An expanding body of evidence argues that the Aβ and tau proteins share important characteristics of prion propagation to cause pathogenesis in Alzheimer’s disease (AD). Aβ and tau form a number of amyloids (β-sheet–rich structures) with distinct conformations (“strains”), some of which give rise to different diseases and associated pathologies. We develop new probes of amyloid structure and use these to identify conformational strains of Aβ in heritable and sporadic forms of AD patient samples. We demonstrate that distinct strains of Aβ can be discerned in different disease types, or in different brain compartments within a given patient. Our findings may potentially explain the spectrum of clinical and pathologic features observed in AD.

Abstract

Point mutations in the amyloid-β (Aβ) coding region produce a combination of mutant and WT Aβ isoforms that yield unique clinicopathologies in familial Alzheimer’s disease (fAD) and cerebral amyloid angiopathy (fCAA) patients. Here, we report a method to investigate the structural variability of amyloid deposits found in fAD, fCAA, and sporadic AD (sAD). Using this approach, we demonstrate that mutant Aβ determines WT Aβ conformation through prion template-directed misfolding. Using principal component analysis of multiple structure-sensitive fluorescent amyloid-binding dyes, we assessed the conformational variability of Aβ deposits in fAD, fCAA, and sAD patients. Comparing many deposits from a given patient with the overall population, we found that intrapatient variability is much lower than interpatient variability for both disease types. In a given brain, we observed one or two structurally distinct forms. When two forms coexist, they segregate between the parenchyma and cerebrovasculature, particularly in fAD patients. Compared with sAD samples, deposits from fAD patients show less intersubject variability, and little overlap exists between fAD and sAD deposits. Finally, we examined whether E22G (Arctic) or E22Q (Dutch) mutants direct the misfolding of WT Aβ, leading to fAD-like plaques in vivo. Intracerebrally injecting mutant Aβ40 fibrils into transgenic mice expressing only WT Aβ induced the deposition of plaques with many biochemical hallmarks of fAD. Thus, mutant Aβ40 prions induce a conformation of WT Aβ similar to that found in fAD deposits. These findings indicate that diverse AD phenotypes likely arise from one or more initial Aβ prion conformations, which kinetically dominate the spread of prions in the brain.

  • Alzheimer’s disease
  • amyloid-β
  • conformational strains
  • spectral imaging
  • protein misfolding

Footnotes

  • ↵1C.C., T.L., and J.S. contributed equally to this work.
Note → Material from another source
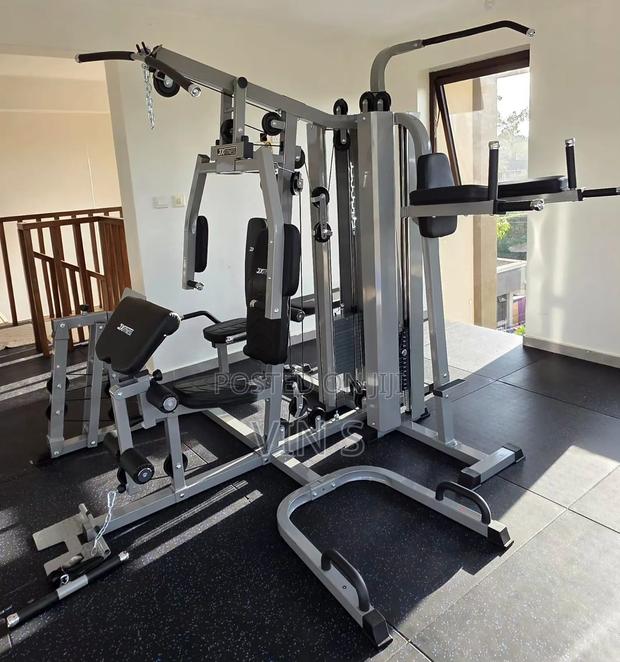 6 Station Multigym Multi Gym Home Gym, 6-Station Mûltigyms Hõmegyms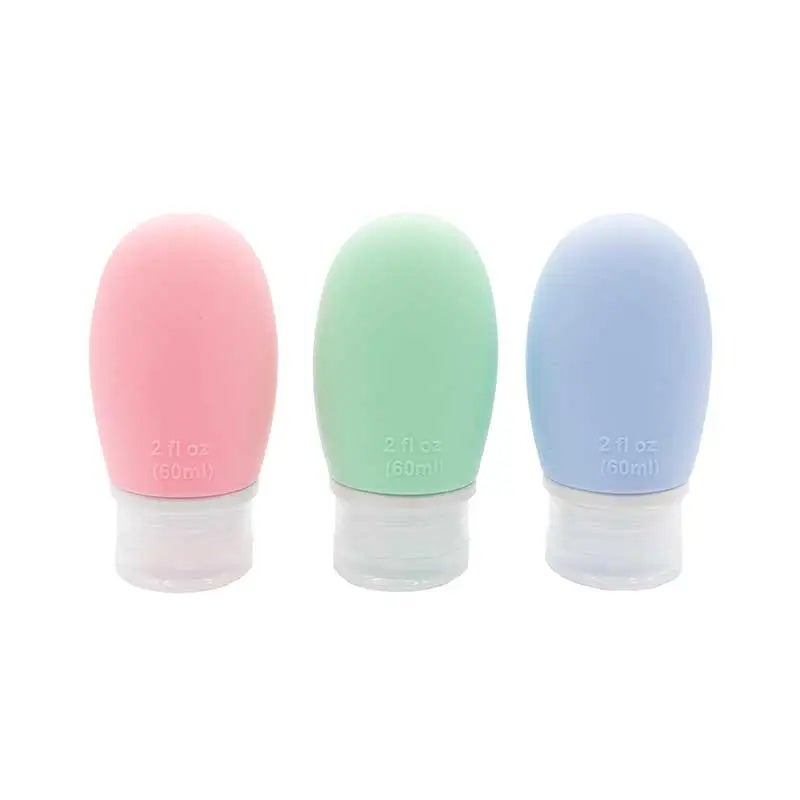 Set De Viaje 3 Botellas Silicona De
  • ↵2To whom correspondence may be addressed. Email: william.degrado{at}ucsf.edu or stanley.prusiner{at}ucsf.edu.
  • Author contributions: C.C., T.L., J.S., W.F.D., and S.B.P. designed research; C.C., J.S., M.N., Y.W., A.M.M., C.D.C., and A.O. performed research; J.C.W. and K.G. contributed new reagents/analytic tools; C.D.K., T.D.B., S.G.v.D., L.L., M.I., and C.G. provided human brain samples; C.C., T.L., J.S., M.N., Y.W., W.F.D., and S.B.P. analyzed data; and C.C., T.L., J.S., W.F.D., and S.B.P. wrote the paper.

  • Reviewers: W.C., Rensselaer Polytechnic Institute; and D.M.H., Washington University School of Medicine.

  • Conflict of interest statement: The Institute for Neurodegenerative Diseases has a research collaboration with Daiichi Sankyo (Tokyo, Japan). S.B.P. is the chair of the Scientific Advisory Board of Alzheon, Inc., which has not contributed financial or any other support to these studies.

  • This article contains supporting information online at www.pnas.org/lookup/suppl/doi:10.1073/pnas.1714966115/-/DCSupplemental.

  • Copyright © 2018 the Author(s). Published by PNAS.

This open access article is distributed under Creative Commons Attribution-NonCommercial-NoDerivatives License 4.0 (CC BY-NC-ND).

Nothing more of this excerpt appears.